**DATA LISTING**.
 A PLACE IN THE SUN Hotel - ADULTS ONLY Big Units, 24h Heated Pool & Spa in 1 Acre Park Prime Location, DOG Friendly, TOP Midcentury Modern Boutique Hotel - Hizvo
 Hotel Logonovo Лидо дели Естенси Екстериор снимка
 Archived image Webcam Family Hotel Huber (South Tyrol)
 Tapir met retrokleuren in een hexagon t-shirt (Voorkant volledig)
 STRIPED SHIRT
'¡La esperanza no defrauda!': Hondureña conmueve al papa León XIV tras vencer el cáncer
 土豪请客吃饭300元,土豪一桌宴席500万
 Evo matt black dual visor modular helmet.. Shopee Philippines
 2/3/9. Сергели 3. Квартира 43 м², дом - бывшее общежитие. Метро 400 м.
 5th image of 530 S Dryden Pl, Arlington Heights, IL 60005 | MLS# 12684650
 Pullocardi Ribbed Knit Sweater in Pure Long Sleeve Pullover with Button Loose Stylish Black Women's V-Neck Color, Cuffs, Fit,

**WHAT IS BEING ASKED**.
Please give the listing above once more, word for word.

**EXERCISE OUTPUT**.
 A PLACE IN THE SUN Hotel - ADULTS ONLY Big Units, 24h Heated Pool & Spa in 1 Acre Park Prime Location, DOG Friendly, TOP Midcentury Modern Boutique Hotel - Hizvo
 Hotel Logonovo Лидо дели Естенси Екстериор снимка
 Archived image Webcam Family Hotel Huber (South Tyrol)
 Tapir met retrokleuren in een hexagon t-shirt (Voorkant volledig)
 STRIPED SHIRT
'¡La esperanza no defrauda!': Hondureña conmueve al papa León XIV tras vencer el cáncer
 土豪请客吃饭300元,土豪一桌宴席500万
 Evo matt black dual visor modular helmet.. Shopee Philippines
 2/3/9. Сергели 3. Квартира 43 м², дом - бывшее общежитие. Метро 400 м.
 5th image of 530 S Dryden Pl, Arlington Heights, IL 60005 | MLS# 12684650
 Pullocardi Ribbed Knit Sweater in Pure Long Sleeve Pullover with Button Loose Stylish Black Women's V-Neck Color, Cuffs, Fit,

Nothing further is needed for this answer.